The relationship between brand advertising and games is not new – many pinball game I remember from my youth had blatant branding and tie-ins, and then in the late 70s and early 80’s companies such as Atari and Intellivision used tie-ins with popular products to boost sales. And as a reminder, the video game arcade industry in the early 80’s was estimated as being the size of the movie industry and all of Nevada’s casinos … combined!
So obviously brands wanted a piece of that action – but most efforts in those early years were not all that successful, generally finding that movie tie-ins such as Tron were more successful than putting a brand name product in to Tapper (since you couldn’t really read it anyway).
As graphics and home console popularity grew through the late 90’s and early part of the last decade, more and more companies began taking advantage and placing static ads into games. Gamers accepted this begrudgingly as part of the reality of media – there are ads everywhere else, now they’re in games. The problem came starting about five years ago with the use of targeted ads.
Since they first started appearing several years ago, gamers have railed against targeted ads based on information collected from their online accounts. Some of the complaints make sense – the Pepsi ad at the top is from Battlefield 2142, a game that takes place in the frozen tundra of a futuristic second ice age where factions battle for control of the small amount of habitable real estate. And obviously there is a need for lots of cold Pepsi. I am reminded of the Family Guy special ‘Something Something Dark Side’ where one Rebel keeps popping up around Hoth offering people a bag of ice.

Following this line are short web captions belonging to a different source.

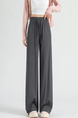 Pocket Ice Silk Wide-Leg Pants for Women 2025 Summer - New Thin High Waist Slim Drape Loose Straight Casual Pants in Dark Gray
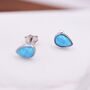 Sterling Silver Opal Droplet Stud Earrings, thumbnail 4 of 12
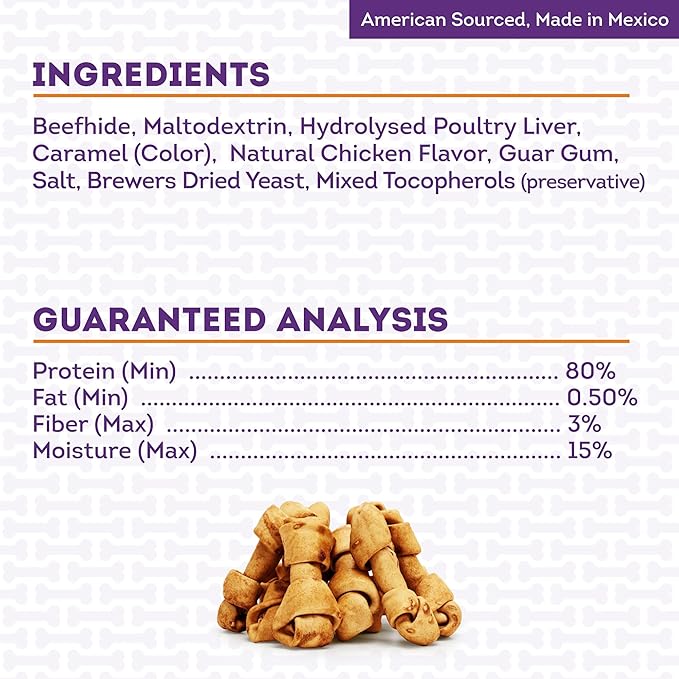 American Sourced Beefhide Bones 4-5" Dog Chew Treats - Chicken Flavor, 10 Count/1 Pack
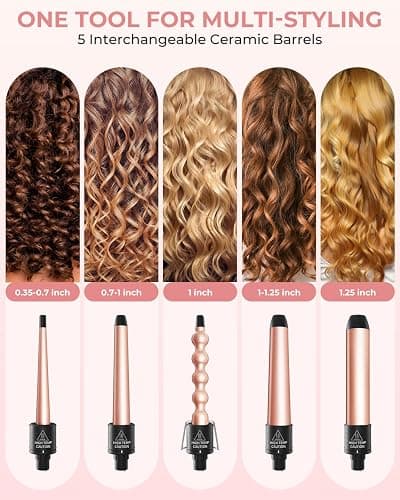 5 in 1 Curling Wand Set, Ohuhu Interchangeable Ceramic Barrels Curling Iron (9-32mm), Fast Heating Lightweight Dual Voltage Hair Curler for Home & Travel with Heat Glove & Clips, Gift for Women | Dual voltage, heats in 30 second, 356-410°F adjustable, travel-friendly, lightweight, 2 clips & heat glove, Gift for women thumbnail 2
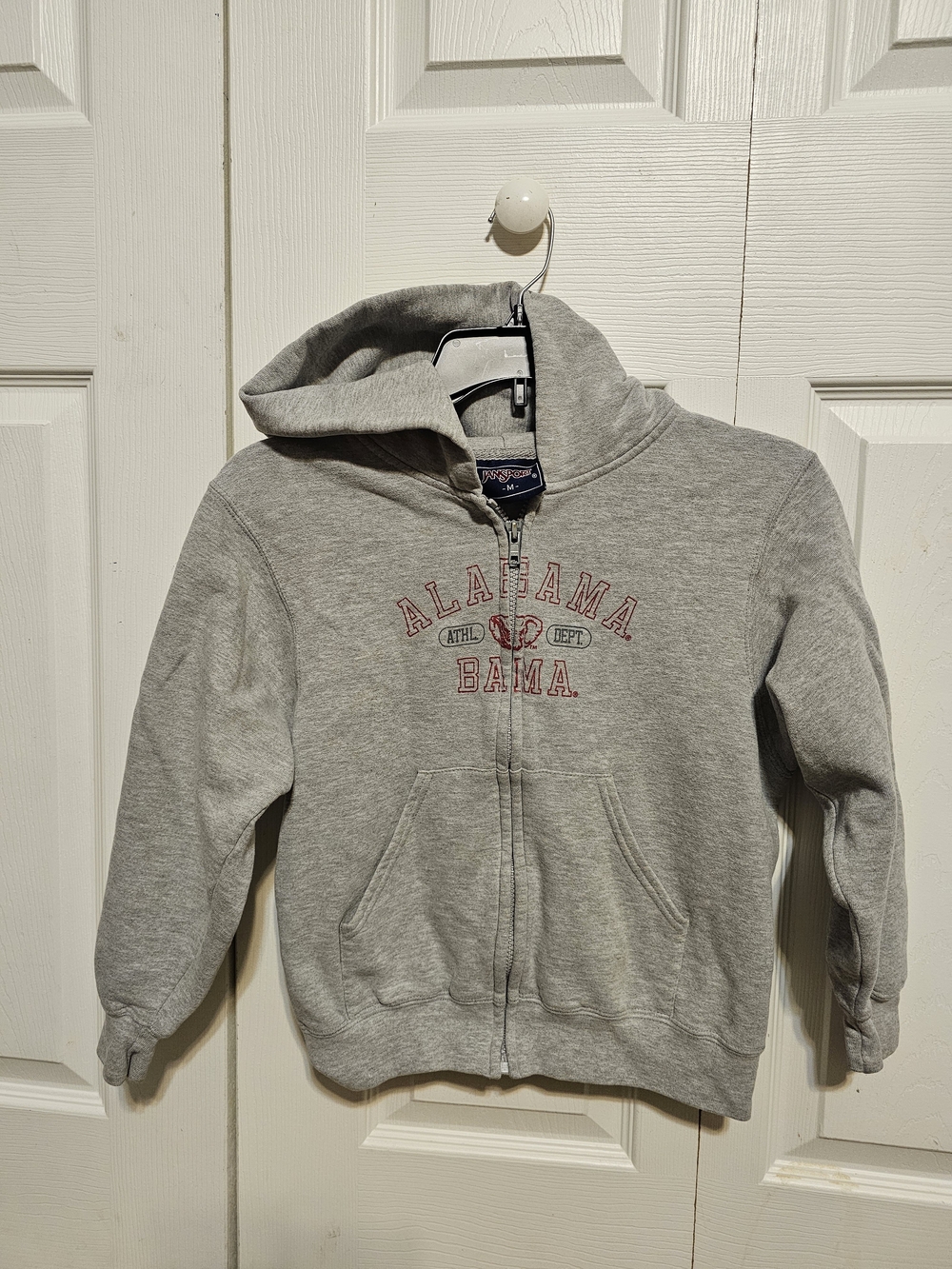 Alabama Crimson Tode Jansport Gray Kids' Bama Zip Hoodie Med 10/12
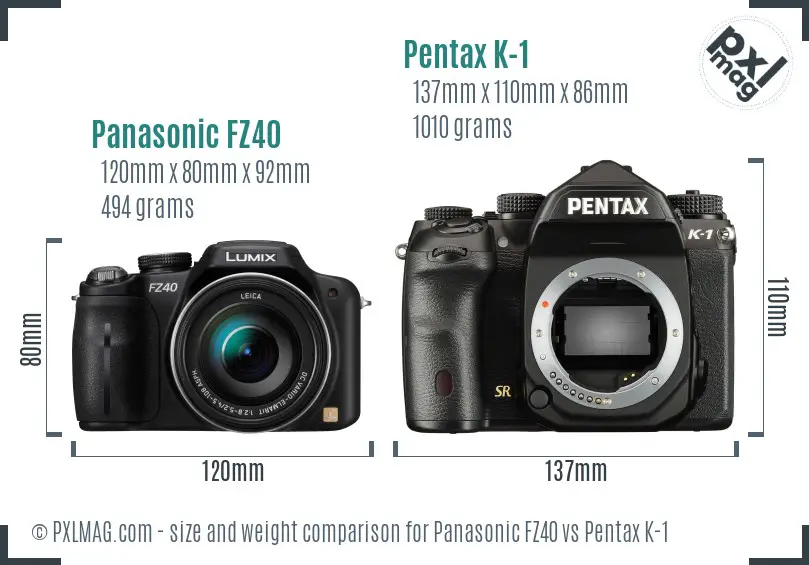 Panasonic FZ40 vs Pentax K-1 size comparison
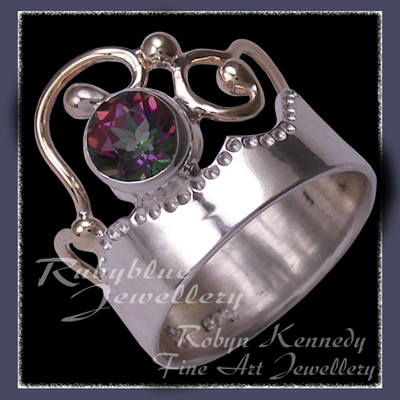 10 Karat Yellow Gold, Sterlium Sterling Silver and Genuine Mystic Green Topaz Topaz 'Twilight' Ring Image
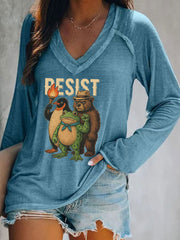Women's Resist Frog Print Casual T-shirt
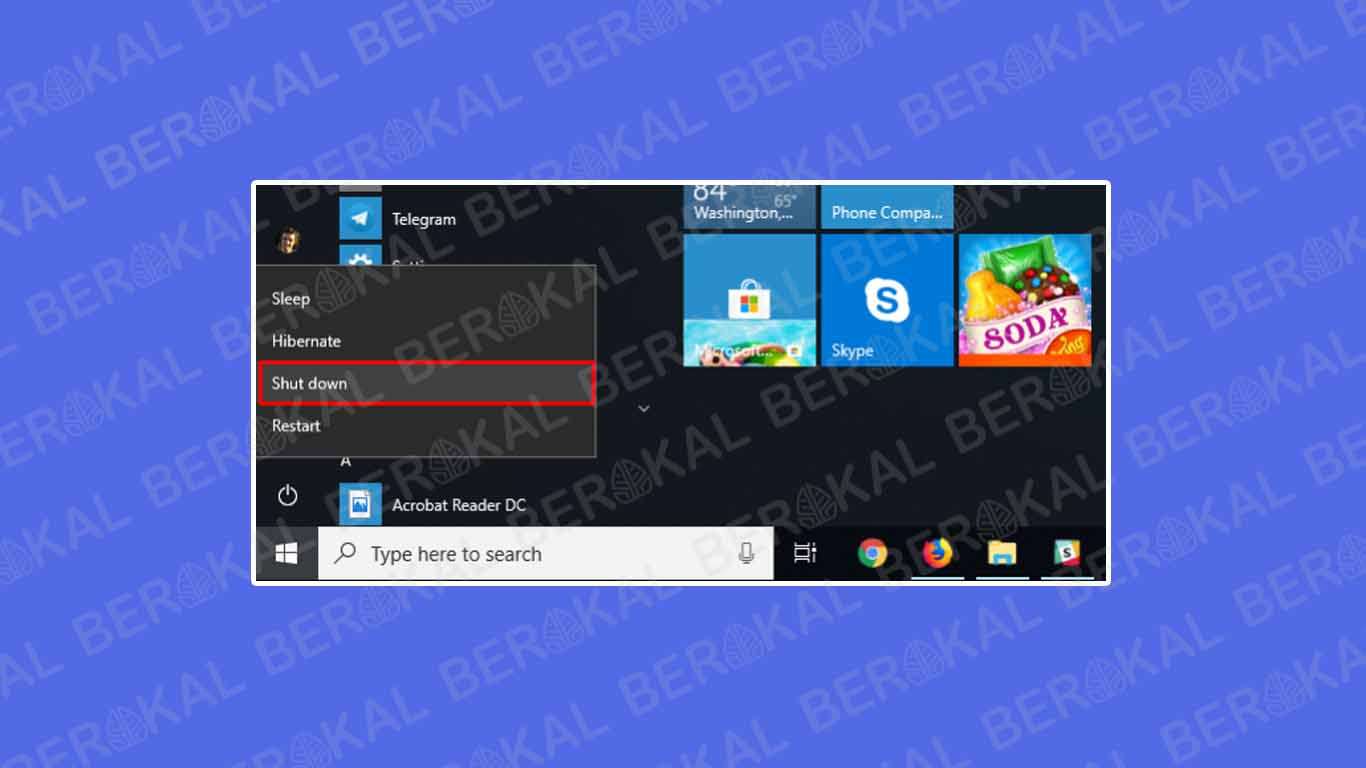 cara mematikan laptop windows 10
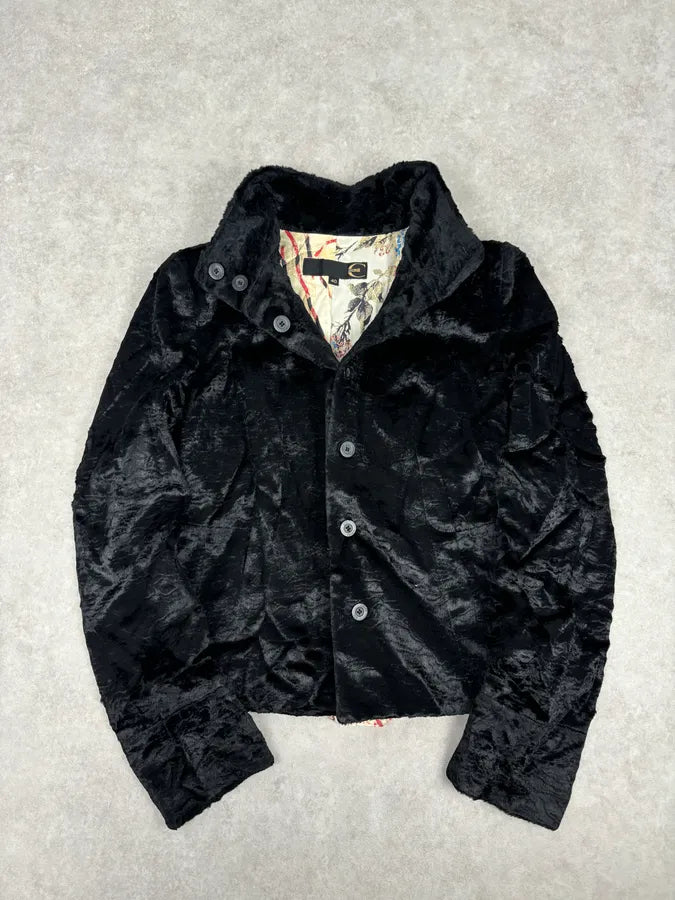 2000s Cavalli Black Faux Fur Light Jacket tAlyVJF 0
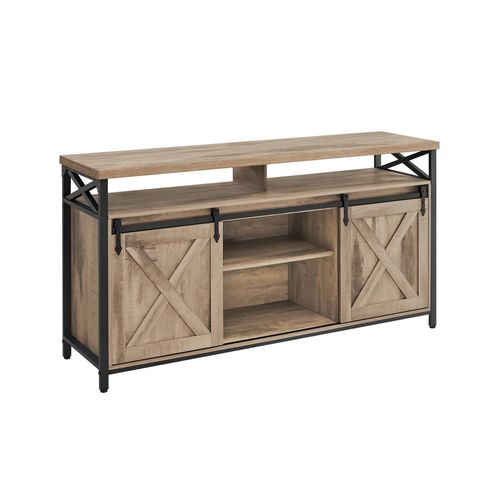 Meuble Tv, Avec Étagères Réglables, Portes Imitation Grange, Style Rustique, Cadre En Métal, Marron Camel Et Noir Simple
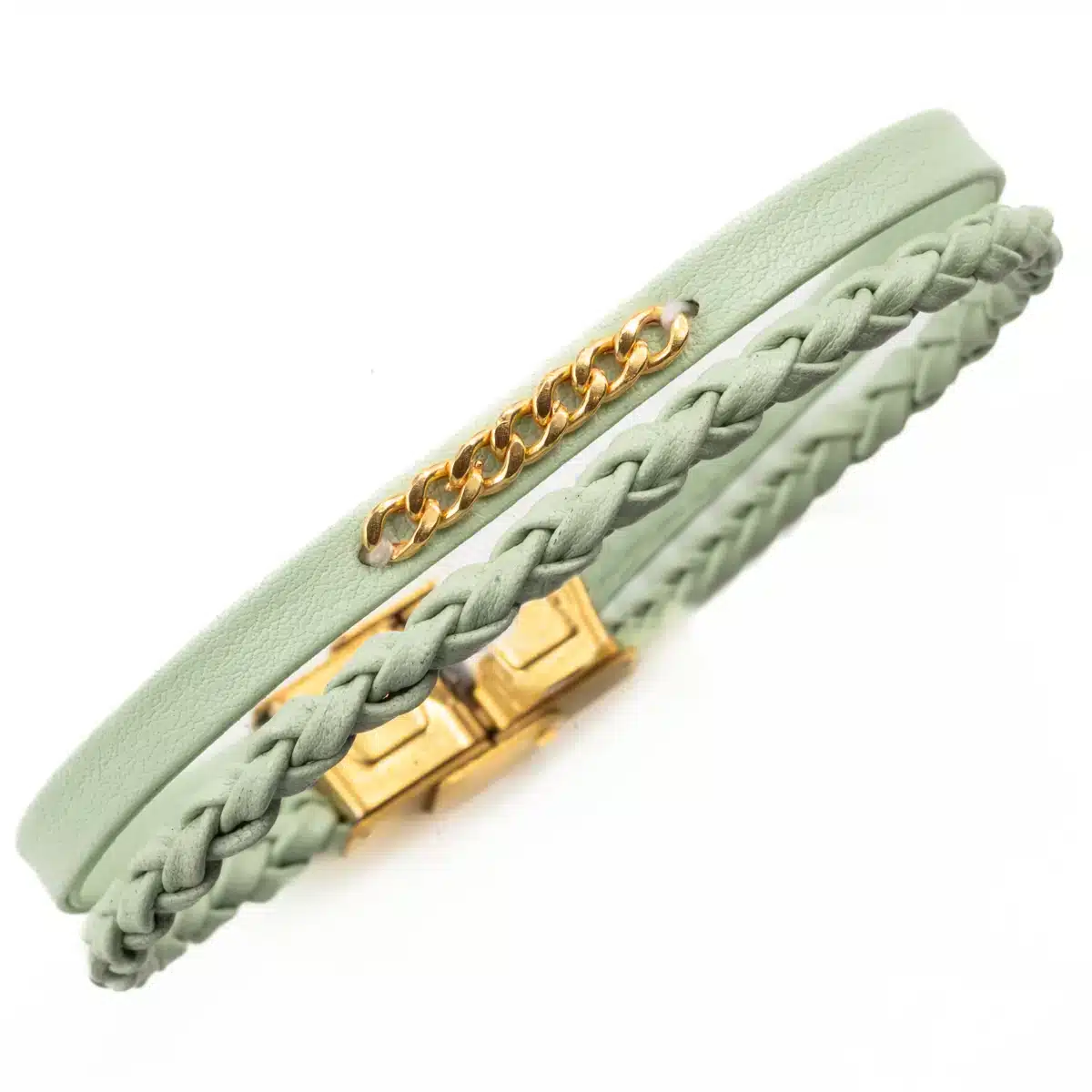 خرید دستبند زنانه طلا و چرم w133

The problem for gamers who oppose these ads has just been revealed by Nielsen: they work. Gamers are being effectively influenced into buying the stuff they see in games.
But wait, as usual the story isn’t so clear. Neilson conducted the study, but it was commissioned by Electronic Arts on behalf of Gatorade. Here is some info from the press release:
The study focused on households that purchased at least one of six EA SPORTS™ titles: NHL® 09, NHL 10, NBA LIVE 07, NBA LIVE 08, NBA LIVE 09 and NBA Street Homecourt. Gatorade had a variety of product placements within the games including arena signs, players’ water bottles, score updates and other call outs.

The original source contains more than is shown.